Classification and Regression with the BigML Dashboard

Classification and Regression with the BigML Dashboard
Ensembles
Visualizing Ensembles

2.5 Visualizing Ensembles

Being able to effectively visualize an ensemble is paramount to exploring it, interpreting it, and explaining why it produces certain outcomes. BigML provides two different visualizations, a Partial Dependence Plot (PDP) and a list of the single models:

Partial Dependence Plot: a graphic representation of the marginal effect that the combination of two fields (Predictorss) have on the Objective Field (ensemble predictions) keeping the rest of the field values constant.
Model list: provides a list of the single models that form the ensemble. This visualization is only available for Decision Forest ensembles (see subsection 2.4.3 ).
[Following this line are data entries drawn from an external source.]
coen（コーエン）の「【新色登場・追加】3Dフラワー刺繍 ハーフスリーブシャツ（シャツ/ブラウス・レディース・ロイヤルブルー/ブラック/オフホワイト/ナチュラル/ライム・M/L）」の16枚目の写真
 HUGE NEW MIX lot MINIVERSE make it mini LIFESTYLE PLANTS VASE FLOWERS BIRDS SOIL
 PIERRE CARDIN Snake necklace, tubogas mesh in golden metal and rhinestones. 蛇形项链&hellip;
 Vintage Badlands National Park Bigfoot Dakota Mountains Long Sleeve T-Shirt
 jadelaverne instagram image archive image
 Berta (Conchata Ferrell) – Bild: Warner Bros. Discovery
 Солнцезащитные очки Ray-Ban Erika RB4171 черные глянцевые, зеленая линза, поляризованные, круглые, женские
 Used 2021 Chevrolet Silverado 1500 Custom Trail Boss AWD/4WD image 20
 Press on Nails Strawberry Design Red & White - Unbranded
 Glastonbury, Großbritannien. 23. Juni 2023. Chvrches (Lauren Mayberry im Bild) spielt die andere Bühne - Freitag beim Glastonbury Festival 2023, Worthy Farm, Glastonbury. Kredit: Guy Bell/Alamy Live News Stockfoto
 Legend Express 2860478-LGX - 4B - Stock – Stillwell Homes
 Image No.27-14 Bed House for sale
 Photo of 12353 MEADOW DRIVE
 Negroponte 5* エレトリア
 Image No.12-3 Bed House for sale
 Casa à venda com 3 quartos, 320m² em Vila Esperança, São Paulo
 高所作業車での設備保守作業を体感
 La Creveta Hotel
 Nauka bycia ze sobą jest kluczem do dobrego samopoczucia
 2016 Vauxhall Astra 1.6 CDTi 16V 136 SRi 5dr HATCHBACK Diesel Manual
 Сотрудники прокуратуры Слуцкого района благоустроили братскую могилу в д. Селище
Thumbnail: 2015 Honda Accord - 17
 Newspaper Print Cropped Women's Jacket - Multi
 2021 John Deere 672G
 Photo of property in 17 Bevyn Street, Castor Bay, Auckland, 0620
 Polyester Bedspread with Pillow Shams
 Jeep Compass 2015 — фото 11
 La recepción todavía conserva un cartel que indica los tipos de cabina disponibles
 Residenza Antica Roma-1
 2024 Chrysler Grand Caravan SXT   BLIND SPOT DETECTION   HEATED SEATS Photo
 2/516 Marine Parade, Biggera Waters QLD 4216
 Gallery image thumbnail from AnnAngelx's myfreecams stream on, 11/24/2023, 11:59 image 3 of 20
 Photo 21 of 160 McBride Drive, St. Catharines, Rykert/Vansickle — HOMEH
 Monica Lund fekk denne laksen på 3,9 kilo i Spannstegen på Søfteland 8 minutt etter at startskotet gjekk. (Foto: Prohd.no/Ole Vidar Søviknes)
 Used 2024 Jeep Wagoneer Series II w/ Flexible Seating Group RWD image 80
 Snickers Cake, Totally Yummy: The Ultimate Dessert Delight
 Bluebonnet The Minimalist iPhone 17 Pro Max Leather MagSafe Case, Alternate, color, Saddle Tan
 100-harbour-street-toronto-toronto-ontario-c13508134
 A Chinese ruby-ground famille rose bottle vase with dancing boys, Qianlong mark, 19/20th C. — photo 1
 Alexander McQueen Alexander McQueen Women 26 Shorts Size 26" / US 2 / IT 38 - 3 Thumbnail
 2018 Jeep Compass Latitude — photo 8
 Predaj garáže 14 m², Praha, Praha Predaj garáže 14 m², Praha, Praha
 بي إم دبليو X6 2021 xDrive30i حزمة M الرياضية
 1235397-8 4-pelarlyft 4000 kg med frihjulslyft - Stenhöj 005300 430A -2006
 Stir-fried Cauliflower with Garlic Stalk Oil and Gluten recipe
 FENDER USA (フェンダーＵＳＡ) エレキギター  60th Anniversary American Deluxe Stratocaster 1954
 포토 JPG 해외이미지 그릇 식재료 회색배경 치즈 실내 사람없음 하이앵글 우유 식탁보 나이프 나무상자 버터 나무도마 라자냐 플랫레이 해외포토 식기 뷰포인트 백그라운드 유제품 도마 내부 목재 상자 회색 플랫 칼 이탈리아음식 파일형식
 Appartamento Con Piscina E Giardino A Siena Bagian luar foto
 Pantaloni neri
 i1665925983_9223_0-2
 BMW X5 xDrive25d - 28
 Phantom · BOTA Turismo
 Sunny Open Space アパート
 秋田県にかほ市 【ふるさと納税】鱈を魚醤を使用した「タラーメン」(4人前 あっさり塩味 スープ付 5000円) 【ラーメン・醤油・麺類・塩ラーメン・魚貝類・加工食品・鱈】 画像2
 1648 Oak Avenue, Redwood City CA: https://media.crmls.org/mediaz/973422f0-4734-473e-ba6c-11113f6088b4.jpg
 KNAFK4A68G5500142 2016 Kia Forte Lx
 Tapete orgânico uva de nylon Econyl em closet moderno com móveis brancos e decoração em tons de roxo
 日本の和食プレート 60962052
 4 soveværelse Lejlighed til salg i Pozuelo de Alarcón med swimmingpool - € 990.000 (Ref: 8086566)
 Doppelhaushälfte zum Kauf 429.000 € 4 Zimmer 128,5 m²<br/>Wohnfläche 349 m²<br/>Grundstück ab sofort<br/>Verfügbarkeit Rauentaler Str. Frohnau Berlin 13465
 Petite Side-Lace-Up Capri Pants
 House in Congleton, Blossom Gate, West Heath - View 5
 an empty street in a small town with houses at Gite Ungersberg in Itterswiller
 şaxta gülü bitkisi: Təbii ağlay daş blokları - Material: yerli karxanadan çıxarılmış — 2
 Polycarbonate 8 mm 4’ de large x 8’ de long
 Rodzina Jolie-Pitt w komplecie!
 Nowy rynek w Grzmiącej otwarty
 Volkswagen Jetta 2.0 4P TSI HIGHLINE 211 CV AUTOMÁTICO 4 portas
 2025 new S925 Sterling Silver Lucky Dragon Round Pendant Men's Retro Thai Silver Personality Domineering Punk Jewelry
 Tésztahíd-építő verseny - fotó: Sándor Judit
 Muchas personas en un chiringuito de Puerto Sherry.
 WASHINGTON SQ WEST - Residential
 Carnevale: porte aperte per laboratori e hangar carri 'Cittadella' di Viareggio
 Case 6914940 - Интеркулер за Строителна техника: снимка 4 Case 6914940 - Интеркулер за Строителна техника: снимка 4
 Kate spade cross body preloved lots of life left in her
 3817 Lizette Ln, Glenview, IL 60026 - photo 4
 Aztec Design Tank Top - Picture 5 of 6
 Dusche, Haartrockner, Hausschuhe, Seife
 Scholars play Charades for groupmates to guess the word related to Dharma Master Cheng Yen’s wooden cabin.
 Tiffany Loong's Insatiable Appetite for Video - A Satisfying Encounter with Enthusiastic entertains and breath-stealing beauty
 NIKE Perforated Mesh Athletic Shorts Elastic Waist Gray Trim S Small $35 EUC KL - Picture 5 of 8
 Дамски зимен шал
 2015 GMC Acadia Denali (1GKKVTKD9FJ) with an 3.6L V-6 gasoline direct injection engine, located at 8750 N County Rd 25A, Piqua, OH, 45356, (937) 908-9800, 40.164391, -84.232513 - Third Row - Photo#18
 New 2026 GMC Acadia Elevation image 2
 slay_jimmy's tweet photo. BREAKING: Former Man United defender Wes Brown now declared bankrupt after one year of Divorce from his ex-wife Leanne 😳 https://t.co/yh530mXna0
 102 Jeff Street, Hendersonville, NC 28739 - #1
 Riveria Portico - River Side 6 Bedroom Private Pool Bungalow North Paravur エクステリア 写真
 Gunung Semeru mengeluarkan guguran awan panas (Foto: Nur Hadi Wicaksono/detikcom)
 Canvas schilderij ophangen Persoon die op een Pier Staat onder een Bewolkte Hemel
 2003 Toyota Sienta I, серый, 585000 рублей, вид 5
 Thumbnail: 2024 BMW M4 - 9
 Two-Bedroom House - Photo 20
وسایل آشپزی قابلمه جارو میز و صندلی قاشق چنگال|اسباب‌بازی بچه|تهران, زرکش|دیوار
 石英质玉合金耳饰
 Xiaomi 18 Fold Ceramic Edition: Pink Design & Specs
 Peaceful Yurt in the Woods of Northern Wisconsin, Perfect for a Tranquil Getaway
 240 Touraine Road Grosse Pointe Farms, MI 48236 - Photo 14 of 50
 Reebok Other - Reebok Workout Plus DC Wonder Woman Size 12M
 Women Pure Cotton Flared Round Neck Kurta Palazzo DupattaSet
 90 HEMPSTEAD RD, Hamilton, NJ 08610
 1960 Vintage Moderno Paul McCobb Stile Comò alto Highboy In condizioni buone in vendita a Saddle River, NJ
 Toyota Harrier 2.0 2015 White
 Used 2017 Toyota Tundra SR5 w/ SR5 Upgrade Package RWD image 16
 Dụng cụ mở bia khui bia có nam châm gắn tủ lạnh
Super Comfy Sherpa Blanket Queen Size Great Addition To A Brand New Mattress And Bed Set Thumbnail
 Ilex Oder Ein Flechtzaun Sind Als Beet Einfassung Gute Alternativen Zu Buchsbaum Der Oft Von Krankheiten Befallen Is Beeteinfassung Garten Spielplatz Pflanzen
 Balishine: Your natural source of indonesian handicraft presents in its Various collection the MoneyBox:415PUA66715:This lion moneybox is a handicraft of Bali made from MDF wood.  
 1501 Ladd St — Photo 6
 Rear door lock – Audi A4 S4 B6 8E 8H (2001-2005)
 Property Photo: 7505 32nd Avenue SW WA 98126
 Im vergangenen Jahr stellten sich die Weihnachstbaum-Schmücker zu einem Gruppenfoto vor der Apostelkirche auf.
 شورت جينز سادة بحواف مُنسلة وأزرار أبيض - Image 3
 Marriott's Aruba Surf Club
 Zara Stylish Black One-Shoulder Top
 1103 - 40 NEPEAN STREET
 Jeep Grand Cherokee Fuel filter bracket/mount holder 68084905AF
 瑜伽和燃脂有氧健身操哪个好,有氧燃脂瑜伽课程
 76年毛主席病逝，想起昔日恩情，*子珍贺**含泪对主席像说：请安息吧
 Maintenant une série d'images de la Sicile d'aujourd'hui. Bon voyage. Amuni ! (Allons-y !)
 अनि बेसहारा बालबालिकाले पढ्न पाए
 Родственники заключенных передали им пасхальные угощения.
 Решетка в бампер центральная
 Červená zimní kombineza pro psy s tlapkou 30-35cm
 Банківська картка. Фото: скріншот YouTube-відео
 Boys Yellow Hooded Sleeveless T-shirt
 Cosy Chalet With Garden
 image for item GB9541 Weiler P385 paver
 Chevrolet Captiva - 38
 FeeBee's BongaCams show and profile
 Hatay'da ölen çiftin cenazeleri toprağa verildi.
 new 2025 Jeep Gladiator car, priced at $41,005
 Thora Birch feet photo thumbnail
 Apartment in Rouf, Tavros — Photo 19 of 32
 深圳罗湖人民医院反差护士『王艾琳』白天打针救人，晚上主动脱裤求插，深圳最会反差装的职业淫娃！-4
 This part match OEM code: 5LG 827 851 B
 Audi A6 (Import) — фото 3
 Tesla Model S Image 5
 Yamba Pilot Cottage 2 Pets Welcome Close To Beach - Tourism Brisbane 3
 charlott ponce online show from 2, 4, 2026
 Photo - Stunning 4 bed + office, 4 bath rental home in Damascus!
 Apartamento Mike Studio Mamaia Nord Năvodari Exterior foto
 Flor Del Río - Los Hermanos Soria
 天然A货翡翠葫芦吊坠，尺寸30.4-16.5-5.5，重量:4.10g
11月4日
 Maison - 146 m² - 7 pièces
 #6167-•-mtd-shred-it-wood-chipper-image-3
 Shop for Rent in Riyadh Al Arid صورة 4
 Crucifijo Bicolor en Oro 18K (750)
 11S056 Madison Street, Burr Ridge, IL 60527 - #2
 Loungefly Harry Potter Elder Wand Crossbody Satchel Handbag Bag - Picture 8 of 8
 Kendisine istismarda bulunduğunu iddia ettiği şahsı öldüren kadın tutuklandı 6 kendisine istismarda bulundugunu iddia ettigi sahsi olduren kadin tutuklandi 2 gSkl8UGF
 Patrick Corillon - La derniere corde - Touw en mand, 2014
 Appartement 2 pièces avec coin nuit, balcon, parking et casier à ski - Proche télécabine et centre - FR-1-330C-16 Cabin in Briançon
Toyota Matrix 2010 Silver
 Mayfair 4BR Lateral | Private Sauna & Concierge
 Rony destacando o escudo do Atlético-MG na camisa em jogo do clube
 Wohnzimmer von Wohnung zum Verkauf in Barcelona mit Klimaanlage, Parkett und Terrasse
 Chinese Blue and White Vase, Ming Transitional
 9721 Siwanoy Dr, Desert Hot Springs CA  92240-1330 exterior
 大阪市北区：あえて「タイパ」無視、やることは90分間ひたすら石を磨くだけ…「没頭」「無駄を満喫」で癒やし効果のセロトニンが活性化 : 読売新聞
Note: BigML does not provide the model list for Boosted Trees because they cannot be interpreted the same way as the models for other ensemble types (see subsection 2.5.2 ).

In the top menu you will find a summary of the ensemble results: the number of models in the ensemble, the sample rate, the objective field used, if the ensemble has been randomized, the type of ensemble used (Decision Forest or Boosted Trees), and the number of instances in the dataset.

\includegraphics[]{images/ensembles/ensemble-view2} — Figure 2.27 Ensemble top menu

For Decision Forests, below the top menu, you will find the icons corresponding to each one of the views (the PDP and the model list) to switch from one view to another. (See Figure 2.28 ).

\includegraphics[]{images/ensembles/switch-views} — Figure 2.28 Switch from the chart view to the model list view

You can find a detailed explanation of each view in the following subsections.

2.5.1 Partial Dependence Plot (PDP)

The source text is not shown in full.